When it comes to music, rarely is anything more depressing than watching one of your favorite bands fall from grace. For some bands, it might seem inevitable because of how many albums they put out in a certain amount of time; just look at Technical Ecstasy and Never Say Die! by metal legends Black Sabbath for a good example of that. Others quickly fizzle out after just a few albums and are never heard from again; it all depends on how well the band can keep up with its competition and continually deliver musical freshness. Off the top of my head, I can certainly think of many great bands who became fallen angels over time; Metallica, Queensryche, Yes, etc. However, perhaps one of the worst cases would be with Judas Priest's 1986 disappointment Turbo. Why? Because the streak of albums from 1976's Sad Wings of Destiny to 1984's Defenders of the Faith (probably barring Point of Entry) is not only one of the best album streaks in metal history, but possibly music history overall. The band were truly releasing classic after classic, each new record sounding fresh and unique in its own way.

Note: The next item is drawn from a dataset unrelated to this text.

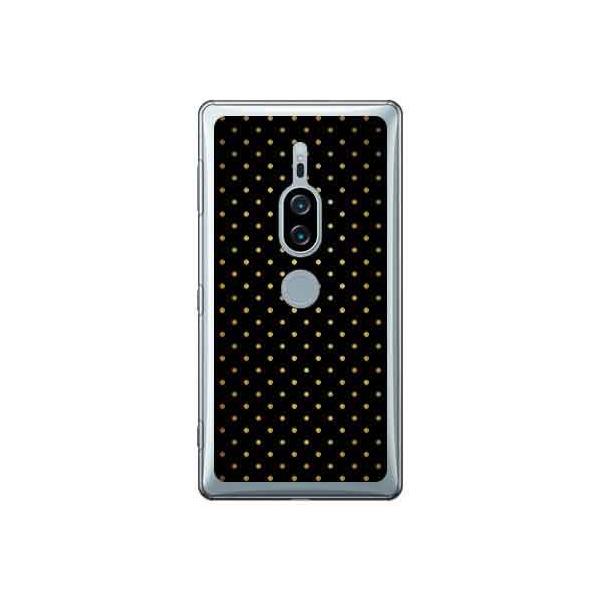 Xperia XZ2 Premium �P�[�X �u���b�N×�S�[���h �h�b�g�i���j �X�}�z�P�[�X (�󒍐��Y)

Granted, Turbo wasn't a godawful album or anything; it just happened to be exceptionally mediocre and boring compared to such a great string of successes. As if that wasn't enough, the band released another dud with Ram it Down; while being faster and more reminiscent of British Steel, it wasn't consistent enough to rival the speed/thrash metal albums on the scene at that time such as Metallica's ...And Justice for All. Clearly the band needed to reinvent their proverbial wheel and freshen up their songwriting to stay relevant, and in hiring Racer X drummer Scott Travis and placing their emphasis on fast-as-hell power/speed metal, they did just that. Painkiller put the band right back on the map and was instantly hailed as a classic by fans and critics alike; to this day, it's known as one of the band's greatest accomplishments. And... yeah, I definitely get behind that as well.

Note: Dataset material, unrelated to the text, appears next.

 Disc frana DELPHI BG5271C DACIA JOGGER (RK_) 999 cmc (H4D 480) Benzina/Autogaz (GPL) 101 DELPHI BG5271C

Painkiller isn't a particularly groundbreaking or experimental album; in fact, on the surface it just seems like a standard-issue speed metal affair. There aren't many tricky progressive rhythms and the riffs usually aren't too complex or unorthodox-sounding. No, when you get down to it, the album's greatest strength is just how well everything melds together. Rob Halford's vocals are a perfect fit for this faster, more power metal-esque sound considering his high operatic approach and charismatic delivery; Glenn Tipton and K.K. Downing supply endless riffs and entertainingly over-the-top solo trade-offs reminiscent of neo-classical metal; Ian Hill and Scott Travis keep the guitarists in check by providing a powerful rhythm section that never goes too far outside of keeping things in line. There are plenty of anthems that metal fans should instantly recognize on here; of course the legendary title track opens things up in epic fashion with an iconic drum solo and a solo that showcases the guitarists' precise and fluid tapping skills. "Metal Meltdown" is the other song that's most notable on the faster end of things, with a trade-off guitar solo section setting the tone for a truly heart-pounding power metal anthem. Rob Halford displays one of the best examples of his vocal power and stamina during the pre-chorus, constantly singing higher and higher with no audible stress on his vocal cords. Other songs, such as "Leather Rebel" and "Hell Patrol" decide to take the intensity down a notch and let the listener breathe a bit; the riffs are still as abundant and creative as ever, but just refreshingly different tempos. While this album is indeed very well-composed, the atmosphere and ambition are what take it to the next level; as cliched as the term is, the best word to describe the entire experience is "epic." Everything feels big, from the soaring vocals and the guitar duels to the near-constant barrage of intense riffs and power metal-oriented lyrics. Some songs change the atmosphere up a bit, such as the eerie synth-laden power ballad "A Touch of Evil" or the dark fantasy elements of the highly melodic "Night Crawler." More than anything, though, the biggest compliment I can give about this album is that every single song is worth listening to. Every song has at least some strengths to make it worthy of repeated listens, and there's a chance that even the weakest songs will end up growing on you in the long run.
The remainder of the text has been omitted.